The Bloodlands by Timothy Snyder covers the topic (in excruciating and exacting detail) by discussing the Borderlands (otherwise known the lands and people between Germany and Western Russia) during the Stalin and Hitler Regimes.
Snyder the Dayton Ohio born, Oxford educated, Yale Professor of History takes great care and time (i.e., number pages) to dispel common misconceptions, clarify and elaborate on these Regimes, their efforts, and implications thereof.
With great effect Snyder dispels the belief that the crimes of Hitler and Stalin can (or should) be viewed separately, and these crimes really only occurred in large numbers to the combatants of WWII and Jews in concentration camps.
Let’s be clear, Snyder does not attempt to belittle the horror that was WWII or what we know of the Holocaust. However what Snyder does point out is the fact that a far, far, greater number of people died [14.5+ Million inhabitants of the Bloodlands to be exact] through treatment as bad or worse, and over a significantly longer period of time (1920s, 1930s, 1940s). This included, Jews, Poles, Lithuanians, Ukrainians, Hungarians, Germans and Russians. In short, the list of victims is long and varied.

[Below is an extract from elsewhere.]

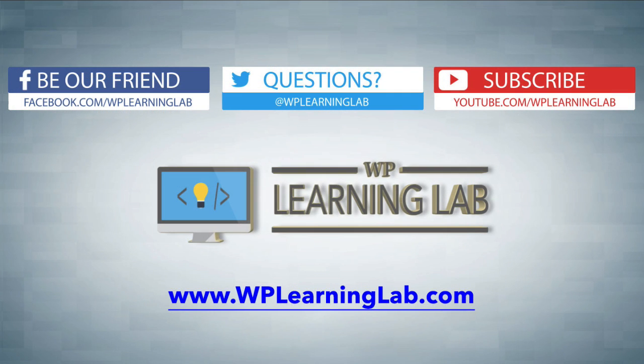I hope this video helps you. My name is Bjorn Allpass from WP Learning Lab. Please make sure you like this video if it helped you. Subscribe to our YouTube channel. Check out our social media feeds and check out WPLearningLab.com where we read about WordPress every single day. Talk to you soon.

The Bloodlands and its peoples were over-taken by Russia or Germany one, two, three, and even four times during this period. The vast majority of the people living in the Bloodlands fell into two-categories 1.) Need to Be Exterminated A.S.A.P or 2.) Need to be Slave Labor to grow food or make goods for the conquerors until no longer useful and re-classified to Category #1.
Why? A.) Because of who you were, not what you had done and/or B.) You and your kind were on a Defined List that established you as not meeting the prescribed Nationalist ideal and/or C.) plans such as the Final Solution (w/options 1,2&3), Great Terror of 1937 (1938,1939), or GeneralPlan Oust called for your demise.
Snyder takes advantage of the fact the these two Regimes were terrific at documentation and record keeping. The Bloodlands shows that Russia and Germany, Stalin and Hitler operated with cold efficiency and used this buffer zone and its peoples in an attempt to destroy each other and clear it for themselves. Each calculated the other would ultimately fail and would do anything to accomplish their goal – even if it seemed counter intuitive. For example while your enemy just invaded your country and is starving 3.1 million of your own citizens – pretend to do much, but actually do little because in the long run – you wanted these citizens dead anyways and as a bonus – your enemy can be blamed at the same time – with little to no monetary output on your part. Or as another example, sign a non-agression pact with your enemy, give 1/2 of the country you just conquered (i.e., Poland) to them on the premise that your enemy will efficiently eliminate the Poles and after the work is completed you will subsequently break the pact, invade and conquer your enemy.
The Bloodlands is sobering. The Bloodlands is tough to stomach. It is important to read and understand the Bloodlands – as history has a tendency of repeating itself. All it takes to start is creating a National Registration List of people for who they are, not what they have done.